Au café, Darcy leur demanda à chacun comment ils en étaient venus à vagabonder dans la campagne.
Deacon parla du travail qu’il avait accompli au parc à bestiaux de Chicago, raconta qu’il avait été marié et père d’un enfant – « mais ça s’est terminé avant le Krach » – et que voyager dans les wagons de marchandises n’était pas nouveau pour lui. Il l’avait fait pour la première fois en revenant de guerre, et recommencé à l’occasion. « Maintenant, bien entendu, tout le monde le fait. » Il s’exprima longuement et avec entrain, mais la manière dont il observait la cuisine des Darcy, ses yeux s’attardant songeusement sur les étagères en bois, le ventre noir du poêle à charbon et le fusil pendu à des crochets ornés fixés au mur n’échappa pas à L’Os.
Ce fut ensuite au tour d’Archie. Il raconta avec hésitation son enfance en Louisiane et l’échec de la migration familiale à New York. Avant la misère, il avait travaillé comme livreur, taxi, vendeur, « enfin, tout ce qui pouvait rapporter un peu d’argent. Je n’ai jamais été marié ni rien. Personne d’autre que moi dont me préoccuper ».
Darcy se tourna alors vers L’Os. Mis en nage par le regard des époux Darcy, il confia d’un ton hésitant se tenir à l’écart, s’être à peu près toujours tenu à l’écart et voyager dans les trains de marchandises depuis aussi longtemps qu’il s’en souvenait.

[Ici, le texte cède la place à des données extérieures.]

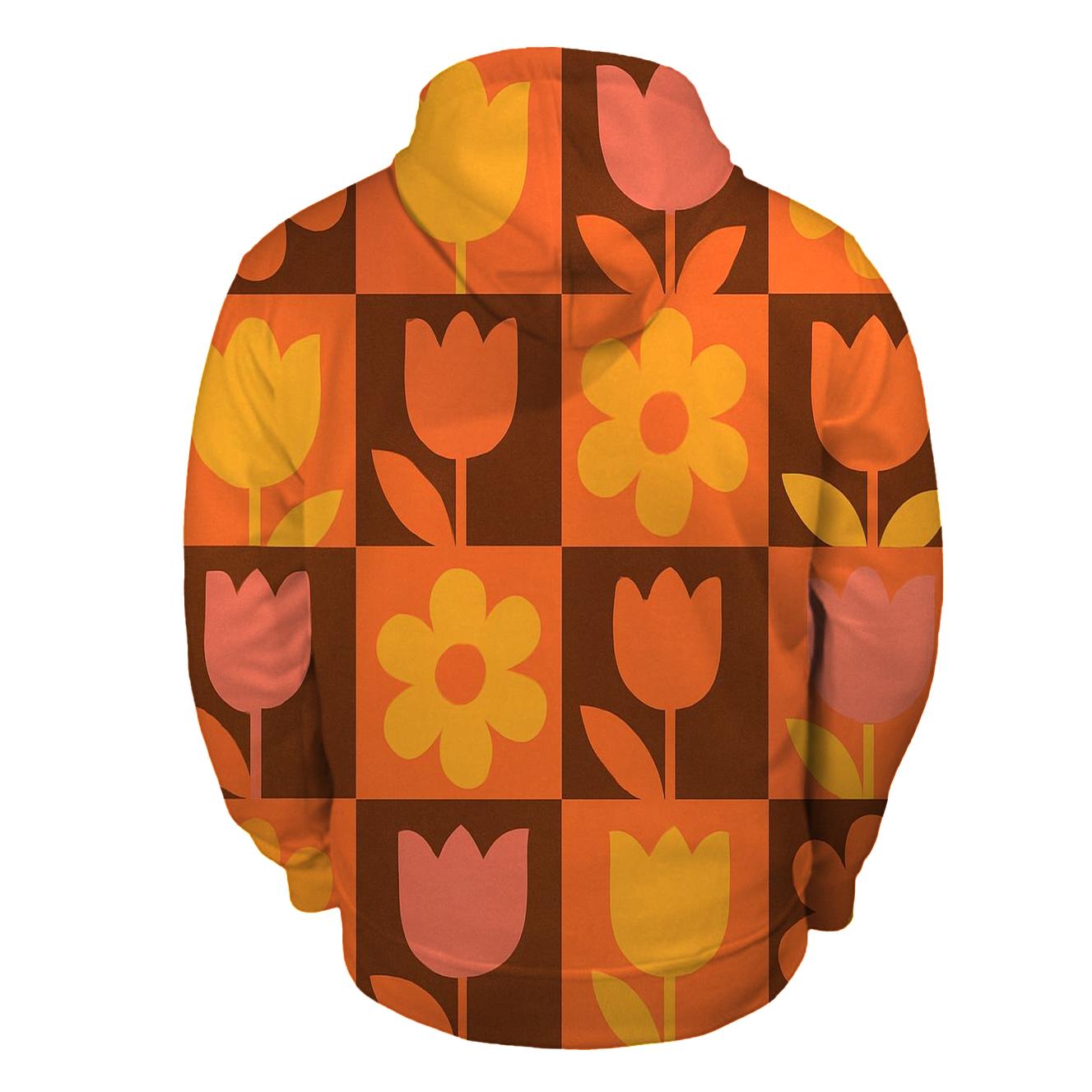 Funky Floral Checkerboard printed hoodies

« Mais, dit Mme Darcy, il y a forcément eu un avant ? Je veux dire, personne ne naît vagabond, si ? »
Paul Darcy se hâta de faire taire sa femme. « Meg, cela ne nous regarde pas. L’Os nous a aidés à sauver la moisson. C’est tout ce qui compte.
— Mais si, protesta L’Os. Je suis né comme ça. Si. »

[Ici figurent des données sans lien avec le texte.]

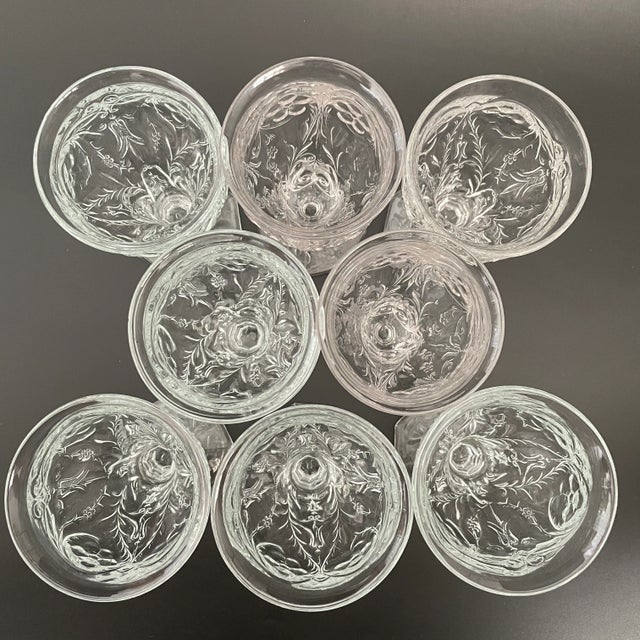 McKee Depression Glass Rock Crystal Clear 7.5 Oz Low Water Goblets - Set of 8 For Sale - Image 9 of 10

Il y réfléchit cette nuit-là, n’arrivant pas à dormir sur la couchette trop courte pour ses jambes tendues et trop étroite pour lui, s’il ne s’allongeait pas sur le flanc. D’où venait-il donc ? Chaque chose a une origine. Il avait appris cela. Les oiseaux provenaient des œufs, les feuilles des arbres, le blé du blé, et cela remontait en spirale jusqu’à une infinité inimaginable. Lui-même semblait représenter la seule exception à cette loi universelle. Les oiseaux proviennent des œufs, se dit-il, les feuilles des arbres, et L’Os de… de quoi ?
Glissant dans l’inconscience, il rêva d’un endroit différent de tous ceux qu’il avait vus, avec des couleurs brillantes et des formes n’ayant de sens qu’en rêve, des créatures d’une intégrité et d’une pureté insupportables évoluant dans un paysage orné de joyaux. Un endroit qui n’existait pas, bien entendu, mais en rêver le remplit d’une tristesse inexplicable et lui donna envie de pleurer, sans qu’il y parvienne.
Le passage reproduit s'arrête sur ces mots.